*Records provided*
╔══

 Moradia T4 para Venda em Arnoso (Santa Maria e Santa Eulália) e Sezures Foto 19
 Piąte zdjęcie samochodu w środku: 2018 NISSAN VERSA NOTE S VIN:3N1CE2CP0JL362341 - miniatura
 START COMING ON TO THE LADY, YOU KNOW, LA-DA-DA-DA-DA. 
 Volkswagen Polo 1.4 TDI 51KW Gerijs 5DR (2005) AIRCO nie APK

╚══
╔══

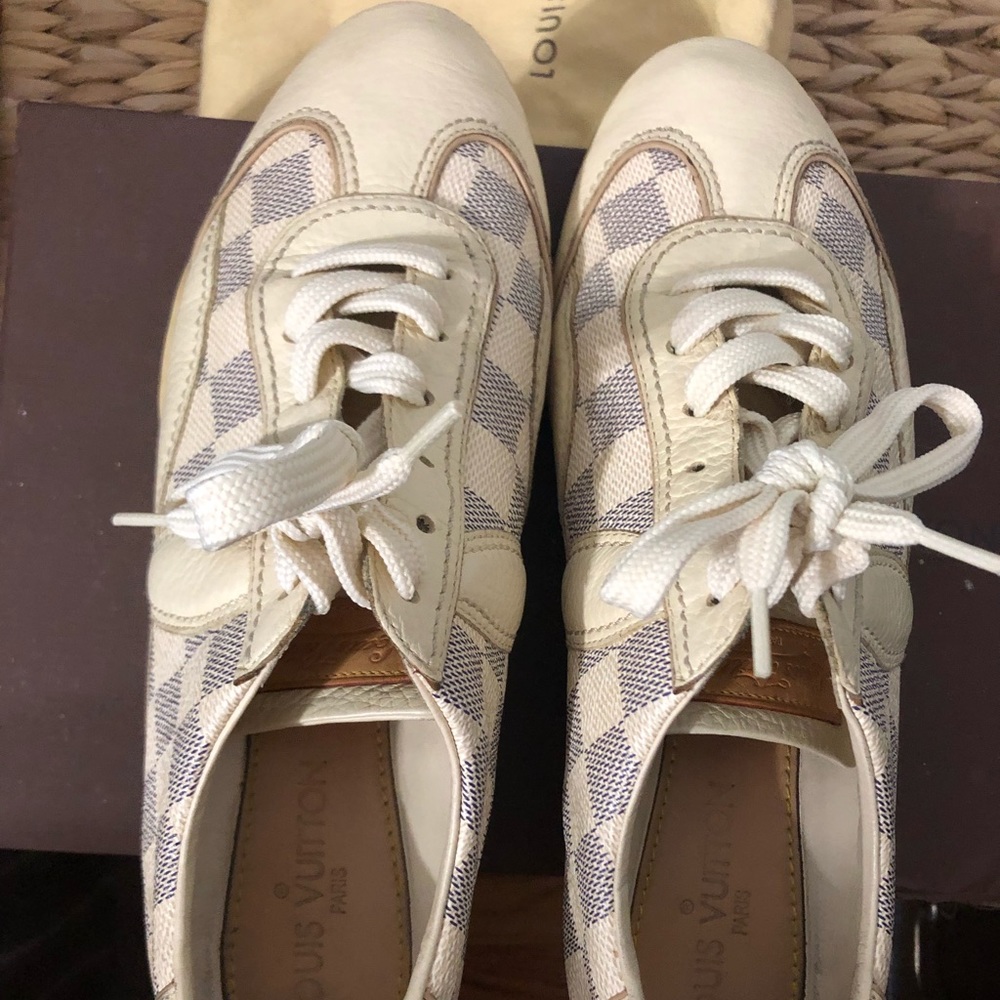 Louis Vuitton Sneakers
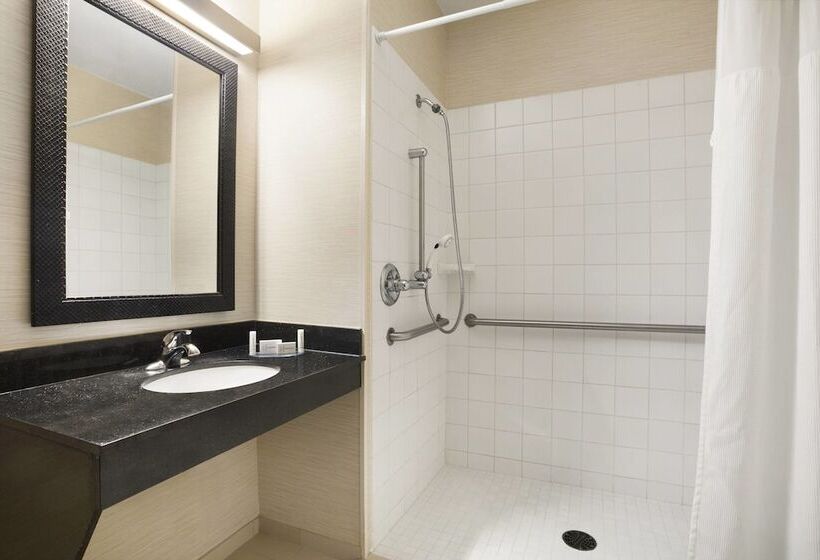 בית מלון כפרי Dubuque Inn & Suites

╚══

*Requirement*
Working from the data above, extract solely the lines from the one containing "Moradia T4 para" through the one containing "Volkswagen Polo 1.4", exactly as they appear, both included.

*Solution to the problem*
 Moradia T4 para Venda em Arnoso (Santa Maria e Santa Eulália) e Sezures Foto 19
 Piąte zdjęcie samochodu w środku: 2018 NISSAN VERSA NOTE S VIN:3N1CE2CP0JL362341 - miniatura
 START COMING ON TO THE LADY, YOU KNOW, LA-DA-DA-DA-DA. 
 Volkswagen Polo 1.4 TDI 51KW Gerijs 5DR (2005) AIRCO nie APK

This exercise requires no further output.